◆ **Information provided**:
══════════════════════════════

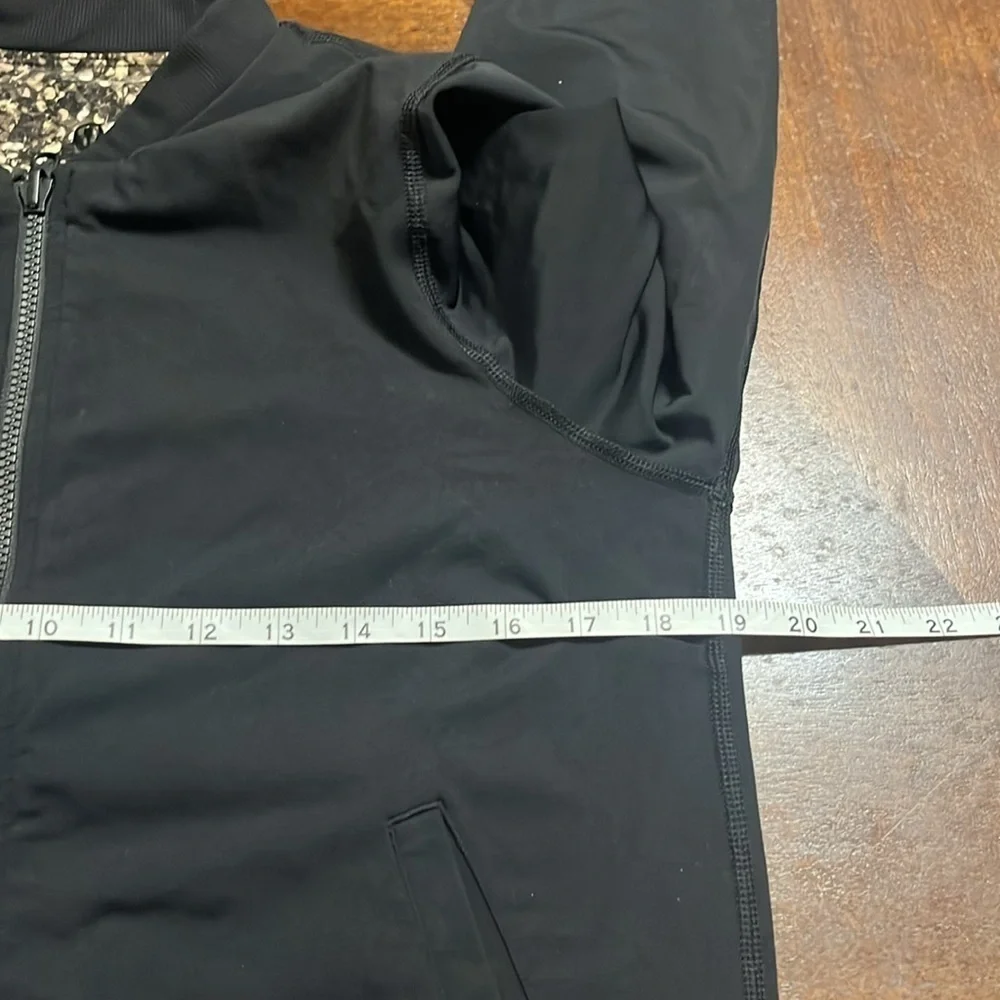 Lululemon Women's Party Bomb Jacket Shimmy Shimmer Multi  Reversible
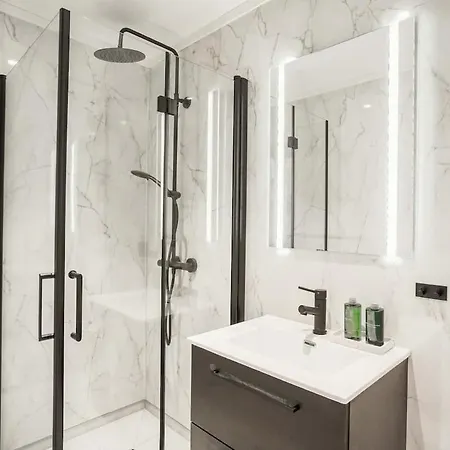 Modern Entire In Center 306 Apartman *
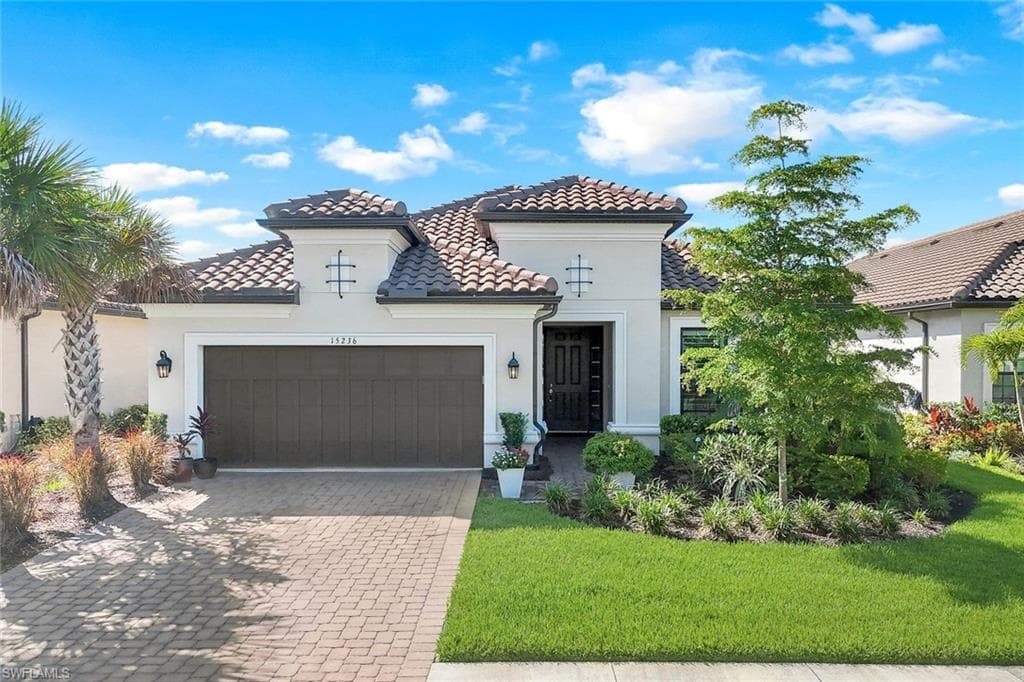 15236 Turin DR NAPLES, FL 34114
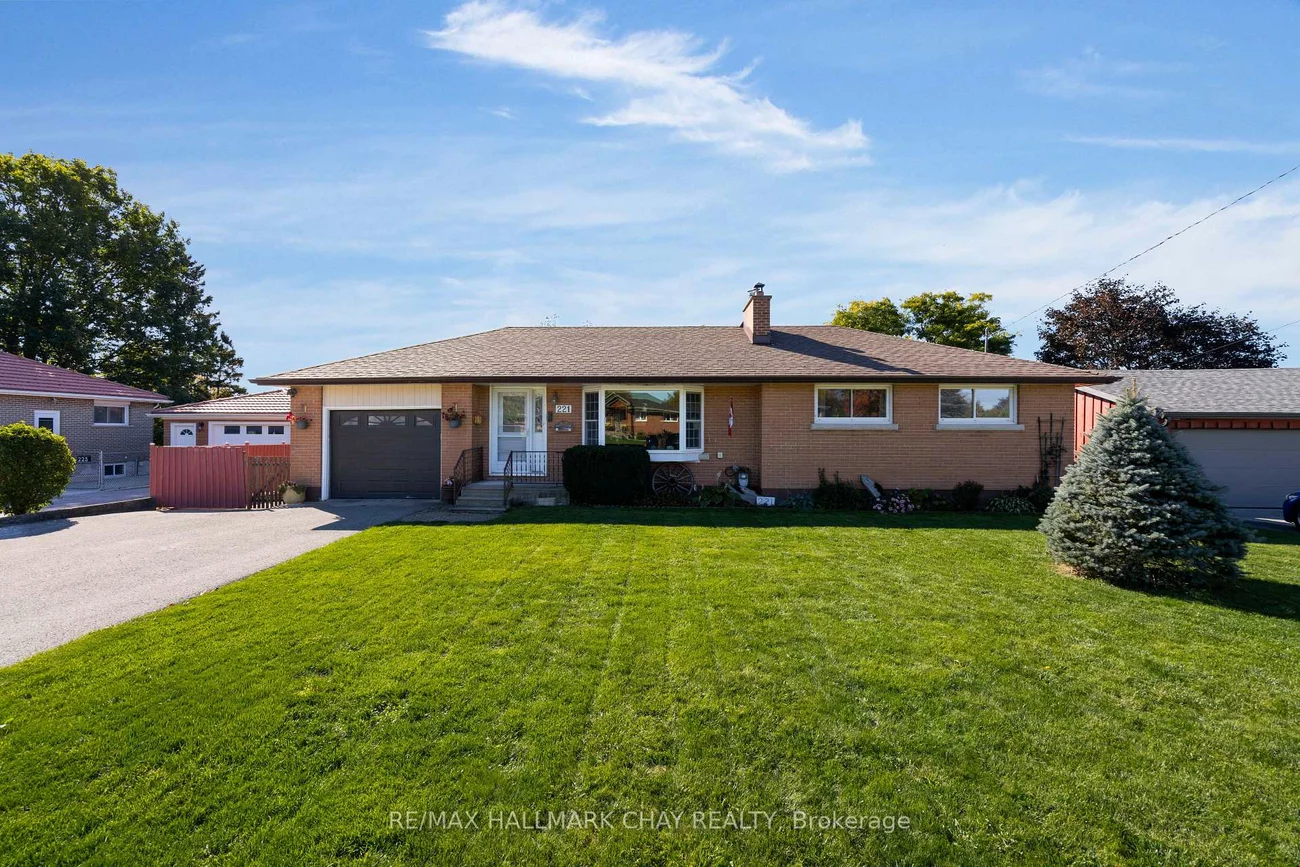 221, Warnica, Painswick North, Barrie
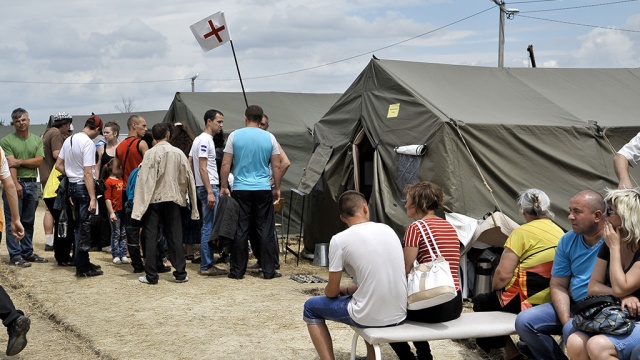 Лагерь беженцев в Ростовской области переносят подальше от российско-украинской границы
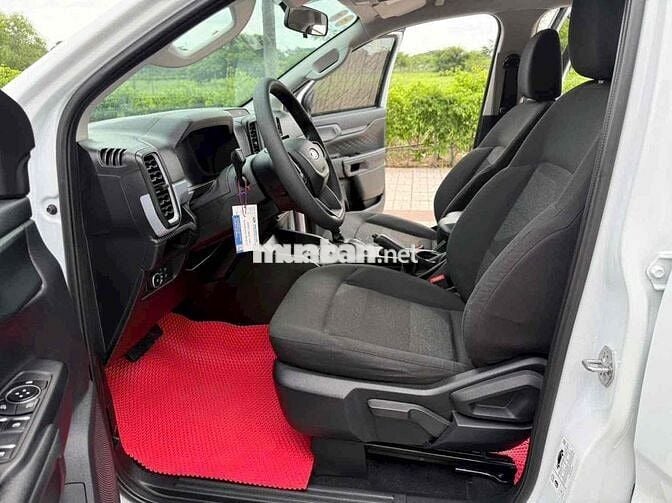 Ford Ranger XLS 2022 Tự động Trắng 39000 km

══════════════════════════════

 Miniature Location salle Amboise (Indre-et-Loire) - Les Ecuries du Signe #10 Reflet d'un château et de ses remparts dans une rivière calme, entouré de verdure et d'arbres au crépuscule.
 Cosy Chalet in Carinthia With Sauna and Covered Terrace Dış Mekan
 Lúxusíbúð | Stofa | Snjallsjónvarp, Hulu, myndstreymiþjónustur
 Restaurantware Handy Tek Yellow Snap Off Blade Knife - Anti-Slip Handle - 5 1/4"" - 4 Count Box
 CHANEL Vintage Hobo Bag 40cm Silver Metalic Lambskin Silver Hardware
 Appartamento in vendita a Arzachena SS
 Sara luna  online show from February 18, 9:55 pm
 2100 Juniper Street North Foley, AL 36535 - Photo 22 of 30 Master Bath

══════════════════════════════

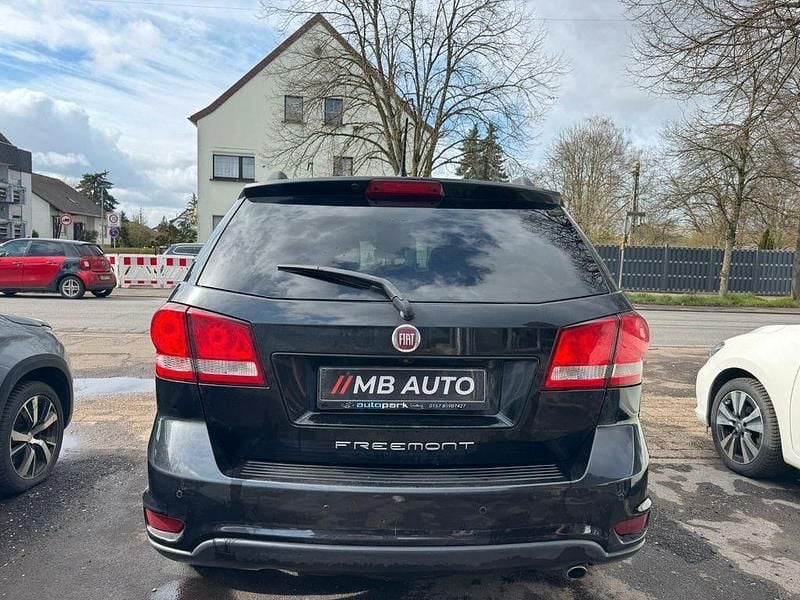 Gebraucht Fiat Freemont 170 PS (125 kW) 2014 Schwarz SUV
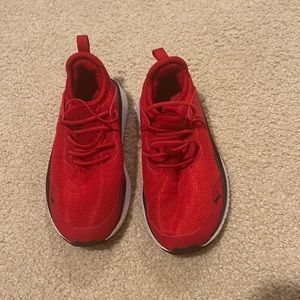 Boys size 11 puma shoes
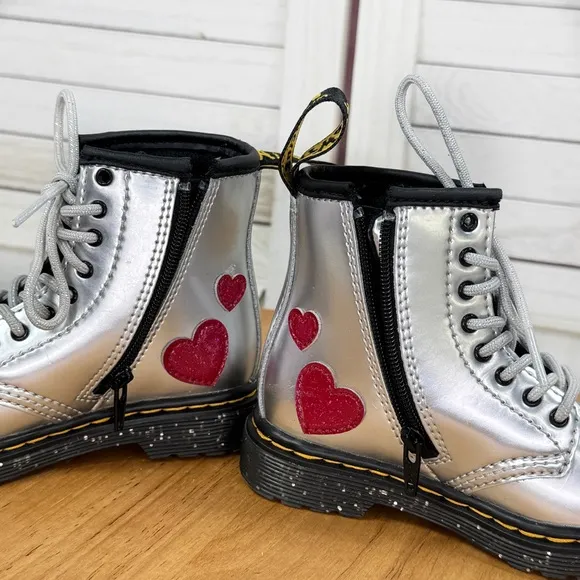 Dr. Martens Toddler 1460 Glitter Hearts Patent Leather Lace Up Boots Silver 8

══════════════════════════════

◆ **Work task**:
Give back, word for word, only the lines above from the line holding "Restaurantware Handy Tek" to the line holding "2100 Juniper Street", both included.

◆ **Solution below**:
 Restaurantware Handy Tek Yellow Snap Off Blade Knife - Anti-Slip Handle - 5 1/4"" - 4 Count Box
 CHANEL Vintage Hobo Bag 40cm Silver Metalic Lambskin Silver Hardware
 Appartamento in vendita a Arzachena SS
 Sara luna  online show from February 18, 9:55 pm
 2100 Juniper Street North Foley, AL 36535 - Photo 22 of 30 Master Bath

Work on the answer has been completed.